[[ Data for review open ]]

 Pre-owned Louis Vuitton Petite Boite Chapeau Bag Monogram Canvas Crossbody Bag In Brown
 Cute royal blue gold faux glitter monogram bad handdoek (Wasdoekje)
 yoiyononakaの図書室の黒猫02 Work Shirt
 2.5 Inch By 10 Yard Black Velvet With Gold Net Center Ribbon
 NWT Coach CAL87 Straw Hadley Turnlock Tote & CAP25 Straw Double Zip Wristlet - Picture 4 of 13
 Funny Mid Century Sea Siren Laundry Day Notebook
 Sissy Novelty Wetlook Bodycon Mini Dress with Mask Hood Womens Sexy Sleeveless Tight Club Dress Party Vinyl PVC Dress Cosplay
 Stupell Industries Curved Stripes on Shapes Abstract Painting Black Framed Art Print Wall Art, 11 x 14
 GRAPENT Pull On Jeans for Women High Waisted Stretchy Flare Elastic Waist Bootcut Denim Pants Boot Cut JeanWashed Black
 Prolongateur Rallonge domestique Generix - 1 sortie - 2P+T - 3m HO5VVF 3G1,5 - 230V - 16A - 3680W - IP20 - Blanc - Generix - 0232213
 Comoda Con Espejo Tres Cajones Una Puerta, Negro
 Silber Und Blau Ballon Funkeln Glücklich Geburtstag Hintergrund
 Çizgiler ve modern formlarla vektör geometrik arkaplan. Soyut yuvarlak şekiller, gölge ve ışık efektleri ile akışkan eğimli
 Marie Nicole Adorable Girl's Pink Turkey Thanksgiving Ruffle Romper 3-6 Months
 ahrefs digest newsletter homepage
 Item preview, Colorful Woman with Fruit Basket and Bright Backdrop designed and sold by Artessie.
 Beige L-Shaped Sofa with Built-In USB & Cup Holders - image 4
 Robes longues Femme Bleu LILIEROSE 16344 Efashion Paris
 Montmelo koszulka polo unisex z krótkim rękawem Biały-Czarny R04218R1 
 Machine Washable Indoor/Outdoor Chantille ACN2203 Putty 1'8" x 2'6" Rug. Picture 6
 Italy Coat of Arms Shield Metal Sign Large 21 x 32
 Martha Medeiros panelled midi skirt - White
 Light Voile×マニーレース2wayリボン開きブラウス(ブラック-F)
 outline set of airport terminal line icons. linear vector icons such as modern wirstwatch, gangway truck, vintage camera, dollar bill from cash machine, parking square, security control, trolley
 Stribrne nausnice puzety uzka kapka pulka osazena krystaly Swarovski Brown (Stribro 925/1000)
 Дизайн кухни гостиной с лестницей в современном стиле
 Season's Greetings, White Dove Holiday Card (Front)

[[ Data for review closed ]]

**Brief:**
Set down, exactly as they appear, the lines above from the first one to the line that holds "GRAPENT Pull On", both included, please, and no others.

**Answer to the problem:**
 Pre-owned Louis Vuitton Petite Boite Chapeau Bag Monogram Canvas Crossbody Bag In Brown
 Cute royal blue gold faux glitter monogram bad handdoek (Wasdoekje)
 yoiyononakaの図書室の黒猫02 Work Shirt
 2.5 Inch By 10 Yard Black Velvet With Gold Net Center Ribbon
 NWT Coach CAL87 Straw Hadley Turnlock Tote & CAP25 Straw Double Zip Wristlet - Picture 4 of 13
 Funny Mid Century Sea Siren Laundry Day Notebook
 Sissy Novelty Wetlook Bodycon Mini Dress with Mask Hood Womens Sexy Sleeveless Tight Club Dress Party Vinyl PVC Dress Cosplay
 Stupell Industries Curved Stripes on Shapes Abstract Painting Black Framed Art Print Wall Art, 11 x 14
 GRAPENT Pull On Jeans for Women High Waisted Stretchy Flare Elastic Waist Bootcut Denim Pants Boot Cut JeanWashed Black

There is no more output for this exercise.